B エネルギーミックスの基本は3Eの達成だ。第一次基本計画、第二次計画までは3Eを考慮した達成可能な目標だった。そのバランスが崩れたのは第三次計画から。国際的には先進国が50年80%削減にコミットし、国内でも環境目標が最重要視されるようになり、非化石電源比率を7割に上げることを迫られた。環境目標の合理性が議論されないまま、世論が出来上がってしまった。
A 特に金融が気候変動にぐっと寄ったスタンスを見せ始めたが、経済悪化に拍車をかけるエネルギーコストを上げるような自殺行為は、金融も避けたいはずだろう。

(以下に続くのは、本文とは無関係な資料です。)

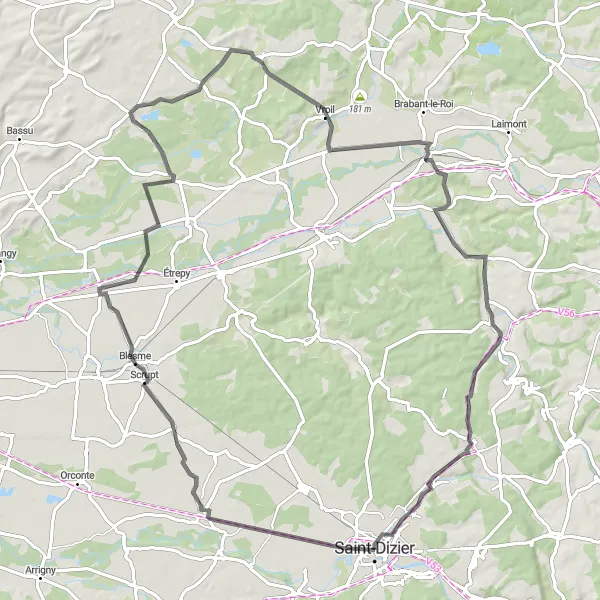 Map miniature of "Champagne Vineyards and Ornain River" cycling inspiration in Champagne-Ardenne, France. Generated by Tarmacs.app cycling route planner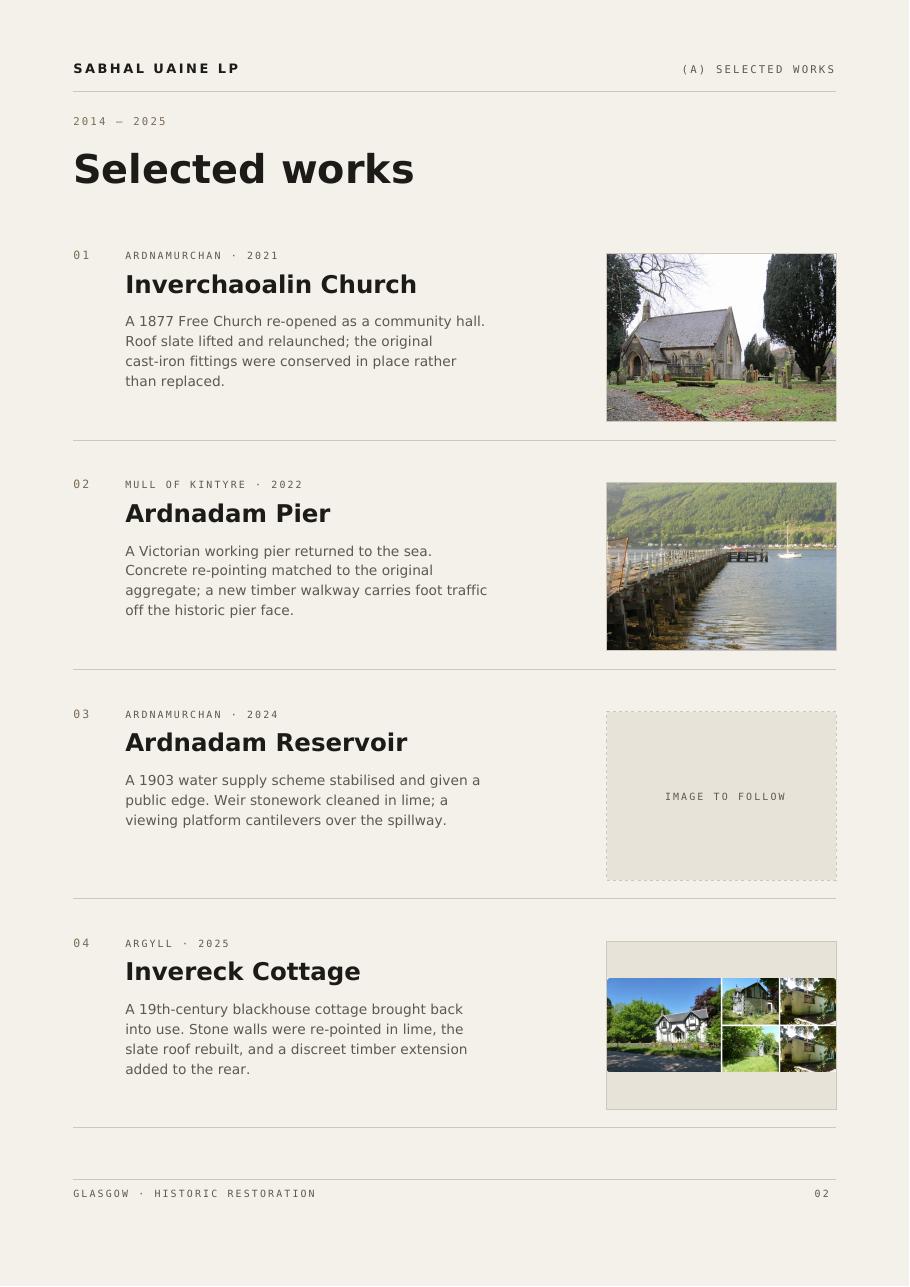 Sabhal Uaine brochure, page 2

C ある外資系金融関係者が「金融は訳の分からない仕組みほどもうかる」と言っていたが、本質を突いていると思う。実体経済への投資のリターンで稼ぐ真っ当なビジネスではなく、ESG(環境・社会・ガバナンス)投資拡大の流れに取り残されたくない、という心理に付け込むのが彼らの手口。日本のメガバンクも当初はESGの方針では抜け道を残しつつ、現実的な落としどころを探るかに見えたが、最近の動きを見るとそれもあやしい。
B 東日本大震災後で唯一原発を動かした野田佳彦首相以降、再稼働が進まないのは、電気の安定供給に支障が出ていないからだ。コロナでますます経済が痛む中で、さらに再エネへの転換が進めば、国民もその弊害を実感し、騒ぎ始めるだろう。
安倍政権への期待空振り 電力の財務状況は毀損
D 前回の議論は15年の年初からゴールデンウィーク明けにかけて行われたが、4月の統一地方選が終わるまではガスとか再エネの議論を続け、原発には終盤まで触れなかった。委員の橘川武郎氏は、「原発比率は良くて15%で、新増設を議論すべき」と何度も発言し、最後は「歴史家として訴えている」とまで述べたが、結局反映されなかった。
C 電力業界は第二次安倍政権に期待したが、外交や安保のために原子力問題は二の次にされた。官僚も、電力システム改革の推進者となることで原発事故の責任を逃れようとし、結果、戦術に溺れて戦略を見失った。だが今の選挙制度では、いくら政権や官僚を批判しても政策が世論に迎合する状況は変わらない。行き着くところまで行くしかないのかと暗たんたる気持ちになる。このままでは電気料金の高騰か、安定供給の毀損か、電力会社の破綻の三択しかない。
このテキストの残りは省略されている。